Accordingly, the plaintiff has satisfied the exception to governmental immunity
set forth in MCL 691.1405. We REMAND this case to the Kent Circuit Court for
reinstatement of the order denying the defendants’ motion for summary
disposition, and for further proceedings not inconsistent with this order. [Martin,
480 Mich at 936.] (Emphasis added.)
Assuming that this peremptory order of the Michigan Supreme Court is binding on this
Court, the language in Martin nevertheless supports the conclusion that the City was entitled to
summary disposition. Quite simply, the decedent was not injured during the loading process. In
fact, she was loaded without incident and the bus operated for several minutes before her
wheelchair inexplicably lost its anchoring.

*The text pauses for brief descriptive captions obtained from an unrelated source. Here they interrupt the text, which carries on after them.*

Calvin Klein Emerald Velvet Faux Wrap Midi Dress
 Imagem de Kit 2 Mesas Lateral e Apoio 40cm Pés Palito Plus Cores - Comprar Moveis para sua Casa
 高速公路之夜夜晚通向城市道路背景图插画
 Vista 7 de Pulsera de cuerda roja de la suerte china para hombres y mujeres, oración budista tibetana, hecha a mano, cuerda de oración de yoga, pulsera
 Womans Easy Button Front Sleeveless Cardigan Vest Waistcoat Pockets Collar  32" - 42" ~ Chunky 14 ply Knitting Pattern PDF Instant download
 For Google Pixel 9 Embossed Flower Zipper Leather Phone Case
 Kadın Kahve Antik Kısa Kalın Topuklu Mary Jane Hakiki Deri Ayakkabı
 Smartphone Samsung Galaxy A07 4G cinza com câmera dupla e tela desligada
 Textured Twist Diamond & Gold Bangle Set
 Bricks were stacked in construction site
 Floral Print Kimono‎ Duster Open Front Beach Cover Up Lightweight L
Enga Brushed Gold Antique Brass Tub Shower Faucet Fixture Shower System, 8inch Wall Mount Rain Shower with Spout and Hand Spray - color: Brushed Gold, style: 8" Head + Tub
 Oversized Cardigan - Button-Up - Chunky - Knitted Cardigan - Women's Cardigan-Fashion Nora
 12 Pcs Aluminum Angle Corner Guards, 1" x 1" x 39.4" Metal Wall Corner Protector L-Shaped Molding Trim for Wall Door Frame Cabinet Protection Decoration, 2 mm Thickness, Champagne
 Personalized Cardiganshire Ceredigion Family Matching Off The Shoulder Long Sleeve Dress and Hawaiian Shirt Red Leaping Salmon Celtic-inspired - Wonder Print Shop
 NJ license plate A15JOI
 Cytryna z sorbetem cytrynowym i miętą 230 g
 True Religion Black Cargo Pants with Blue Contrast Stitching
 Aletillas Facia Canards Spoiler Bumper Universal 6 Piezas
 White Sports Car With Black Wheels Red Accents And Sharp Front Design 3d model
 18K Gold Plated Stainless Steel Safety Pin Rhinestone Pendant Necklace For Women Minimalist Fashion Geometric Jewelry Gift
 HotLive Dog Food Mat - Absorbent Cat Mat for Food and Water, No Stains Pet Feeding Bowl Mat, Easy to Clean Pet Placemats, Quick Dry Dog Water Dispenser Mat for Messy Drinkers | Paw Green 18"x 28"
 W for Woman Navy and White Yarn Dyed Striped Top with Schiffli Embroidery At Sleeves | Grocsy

The estate cites Seldon v Suburban Mobility Auth for Regional Transp, 297 Mich App
427, 435; 824 NW2d 318 (2012) for the unremarkable proposition that loading passengers
constitutes the operation of a motor vehicle for purposes of the motor vehicle exception.
However, like Martin, Seldon only confirms that the City was entitled to summary disposition.
The plaintiff was ejected from her wheelchair when the bus driver applied the brakes to stop at a
yellow light. Seldon, 297 Mich App at 432. On appeal, the defendant argued that the trial court
erred in denying it summary disposition on the basis that the defendant owed the plaintiff a duty
to advise her of the availability of a shoulder restraint. Id. This Court determined that the
defendant had no legal duty to advise the plaintiff of the availability of the shoulder restraint
because the bus was not equipped with restraints for all passengers, and neither federal
regulations nor the defendant’s internal policies required the bus driver to do so. Id. at 433-434.
The defendant in Seldon also argued that, even if it owed the plaintiff a duty to inform her
of the shoulder restraint, the failure to do so did not constitute “operation” of a motor vehicle for
purposes of the exception. Id. at 434. This Court determined:
Here, even if [the defendant] owed plaintiff a duty to inform her of the
availability of a shoulder restraint, the failure to so advise her did not implicate
MCL 691.1405. Although the loading and unloading of passengers is an activity
within the operation of a motor vehicle, the failure to inform plaintiff that a
shoulder restraint was available, without more, did not constitute the “operation”
of the motor vehicle. Notably, plaintiff’s wheelchair was loaded onto the bus and
secured without incident, and plaintiff was not injured during the loading or
unloading process. Thus, the motor vehicle exception to governmental immunity
was inapplicable, and the trial court erred by denying [the defendant’s] motion for
summary disposition based on governmental immunity. [Id. at 435.]
-3-
Seldon is directly on point. Here, the decedent was loaded onto the bus without incident.
She was not injured during the loading or unloading process. As such, the motor vehicle
exception to governmental immunity is inapplicable and the trial court in this case erred by
denying the City summary disposition based on governmental immunity.
Again, exceptions to governmental immunity are to be construed narrowly, Stanton, 466
Mich at 618, no matter how tragic the injury.
I would reverse with instructions to enter summary disposition in the City’s favor.